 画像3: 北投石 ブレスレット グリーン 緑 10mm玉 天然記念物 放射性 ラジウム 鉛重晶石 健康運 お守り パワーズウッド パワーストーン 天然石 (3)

---

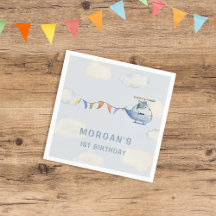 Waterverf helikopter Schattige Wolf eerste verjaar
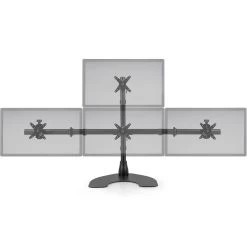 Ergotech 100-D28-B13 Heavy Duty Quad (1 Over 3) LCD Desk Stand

**PROBLEM REQUIREMENTS:** Every line above from the one with "Waterverf helikopter Schattige" down to the one with "Ergotech 100-D28-B13 Heavy" must be written out exactly, and no picture may appear.

**TASK SOLUTION:**
 Waterverf helikopter Schattige Wolf eerste verjaar
 Ergotech 100-D28-B13 Heavy Duty Quad (1 Over 3) LCD Desk Stand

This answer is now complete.